The decision of which method to use should be based on how the system or resource-specific logic was introduced into the application. If the application was externally directed to use a specific number of threads or to size its buffers, use the script-based approach. If the application is directly aware of the system configuration and uses this information accordingly, use the signal-based approach.

The DLPAR operation itself is divided into the following phases:

The system attempts to ensure that all of the check code across the different mediums is executed in its entirety at the system level before the DLPAR event advances to the next phase.

Actions Taken by DLPAR Scripts

Application scripts are invoked for both add and remove operations. When removing resources, scripts are provided to resolve conditions imposed by the application that prevent the resource from being removed. The presence of particular processor bindings and the lack of pinnable memory might cause a remove request to fail. A set of commands is provided to identify these situations, so that scripts can be written to resolve them.

To identify and resolve the DLPAR dependencies, the following commands can be used:

Scripts can also be used for scalability and general performance issues. When resources are removed, you can reduce the number of threads that are used or the size of application buffers. When the resources are added, you can increase these parameters. You can provide commands that can be used to dynamically make these adjustments, which can be triggered by these scripts. Install the scripts to invoke these commands within the context of the DLPAR operation.

High-Level Structure of DLPAR Scripts

This section provides an overview of the scripts, which can be Perl scripts, shell scripts, or commands. Application scripts are required to provide the following commands:

Installing Application Scripts Using the drmgr Command

The drmgr command maintains an internal database of installed-script information. This information is collected when the system is booted and is refreshed when new scripts are installed or uninstalled. The information is derived from the scriptinfo, register, and usage commands. The installation of scripts is supported through options to the drmgr command, which copies the named script to the /usr/lib/dr/scripts/all/ directory where it can be later accessed. You can specify an alternate location for this repository. To determine the machine upon which a script is used, specify the target host name when installing the script.

To specify the location of the base repository, use the following command:

drmgr -R base_directory_path

To install a script, use the following command:

drmgr -i script_name [-f] [-w mins] [-D hostname]

The following flags are defined:

To uninstall a script, use the following command:

drmgr -u script_name [-D hostname]

The following flags are defined:

To display information about scripts that have already been installed, use the following command:

drmgr -l

Naming Conventions for Scripts

It is suggested that the script names be built from the vendor name and the subsystem that is being controlled. System administrators should name their scripts with the sysadmin prefix. For example, a system administrator who wanted to provide a script to control Workload Manager assignments might name the script sysadmin_wlm.

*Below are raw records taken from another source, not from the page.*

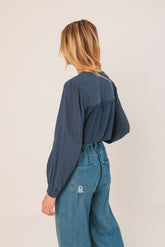 CHEMISE BRODÉE COMBINÉE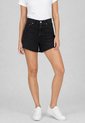 Short Denim Levi's Ribcage Zip Negro de Levis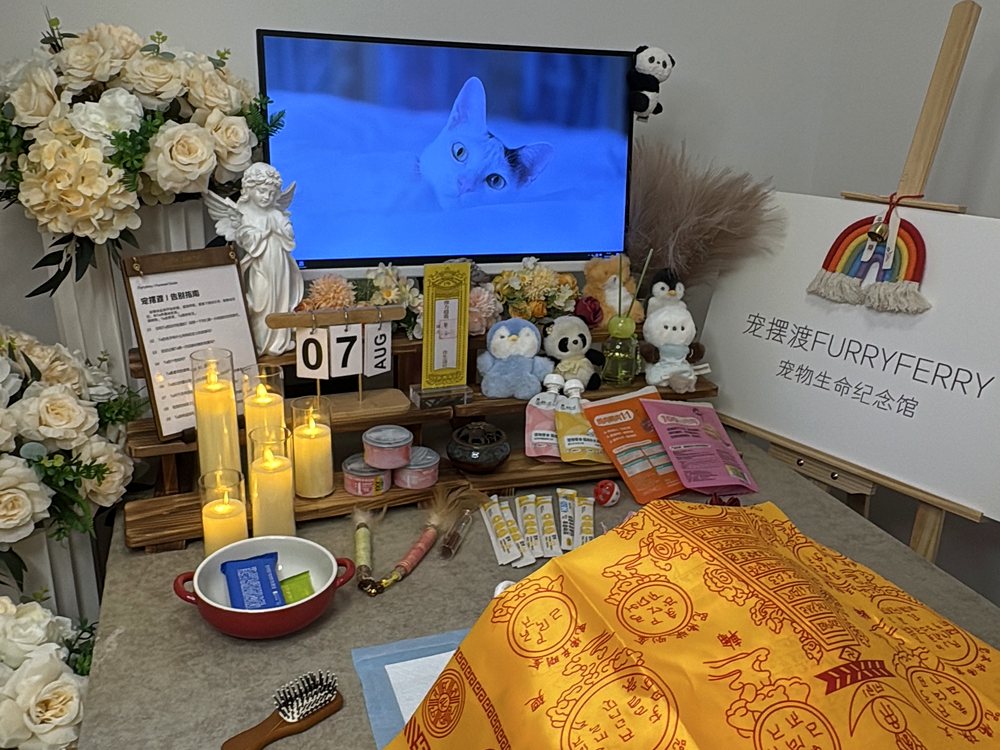 宠物告别仪式现场布置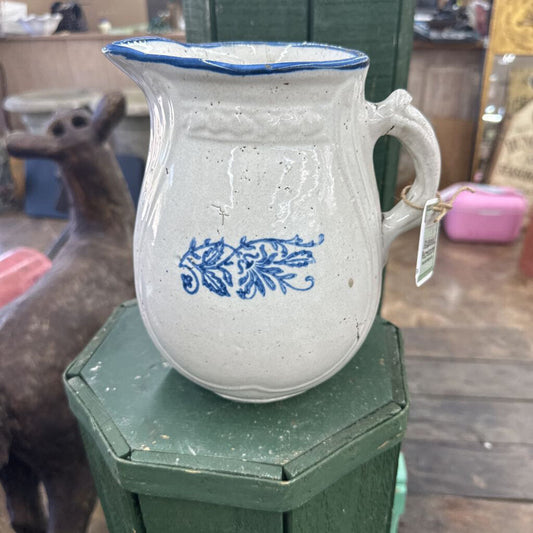 BRUSH MCCOY WIDFLOWER STENCILED PITCHER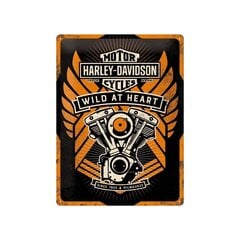 Metalinė plokštė 30x40 cm / Harley-Davidson Wild at Heart kaina ir informacija | Interjero detalės | pigu.lt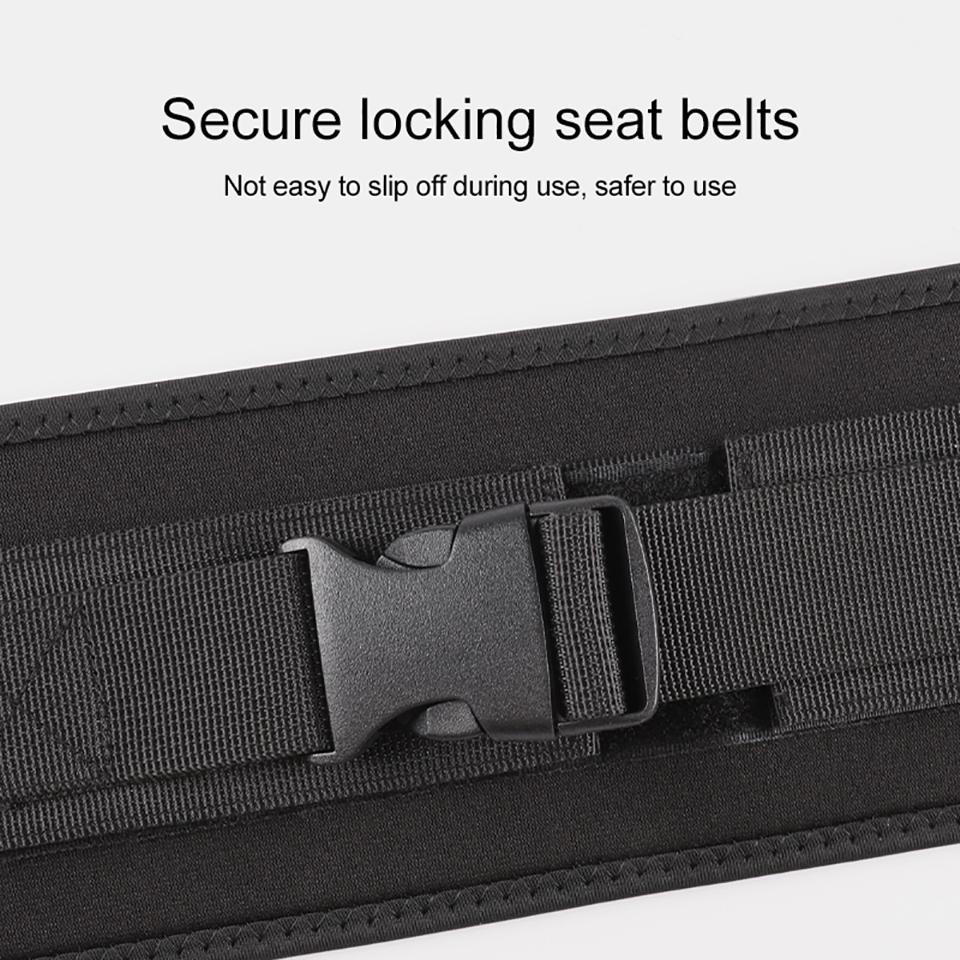 GOBYGO Weight Belt Dumbbell Weight Belt Adjustable Weight Training Safety Hip Thrust Weight Belt Gym Glute Bridge Assisted Belt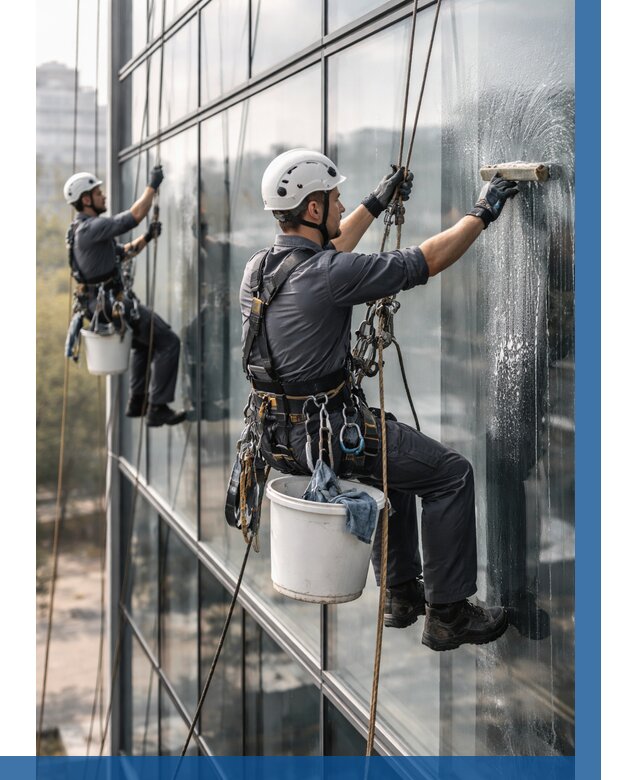 Мойка сплошного остекления в Бийске, заказать от 312 р.| ВЫСОТНИК-Бск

Script Execution Environment and Input Parameters

Scripts are invoked with the following execution environment :

Scripts receive input parameters through command arguments and environment variables, and provide output by writing name=value pairs to standard output, where name=value pairs are delimited by new lines. The name is defined to be the name of the return data item that is expected, and value is the value associated with the data item. Text strings must be enclosed by parentheses; for example, DR_ERROR="text". All environment variables and name=value pairs must begin with DR_, which is reserved for communicating with application scripts.

The scripts use DR_ERROR name=value environment variable pair to provide error descriptions.

You can examine the command arguments to the script to determine the phase of the DLPAR operation, the type of action, and the type of resource that is the subject of the pending DLPAR request. For example, if the script command arguments are checkrelease mem, then the phase is check, the action is remove, and the type of resource is memory. The specific resource that is involved can be identified by examining environment variables.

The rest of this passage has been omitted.